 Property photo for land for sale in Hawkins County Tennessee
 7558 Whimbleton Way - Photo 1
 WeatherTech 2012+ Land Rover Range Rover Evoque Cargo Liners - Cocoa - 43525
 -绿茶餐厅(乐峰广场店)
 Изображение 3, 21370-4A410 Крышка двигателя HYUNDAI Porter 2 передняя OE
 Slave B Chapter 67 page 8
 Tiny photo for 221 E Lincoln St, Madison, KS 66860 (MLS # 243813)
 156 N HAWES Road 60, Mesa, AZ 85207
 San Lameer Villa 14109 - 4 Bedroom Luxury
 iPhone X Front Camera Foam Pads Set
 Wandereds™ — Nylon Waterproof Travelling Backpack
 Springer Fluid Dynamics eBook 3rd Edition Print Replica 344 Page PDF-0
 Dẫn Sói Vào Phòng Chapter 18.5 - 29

━━━━━━━━━━━━━━━━━━━━

WHAT YOU WILL DO: Within the data above, find the lines that contain the word "Chapter" and copy each of them.

RESULT:
 Slave B Chapter 67 page 8
 Dẫn Sói Vào Phòng Chapter 18.5 - 29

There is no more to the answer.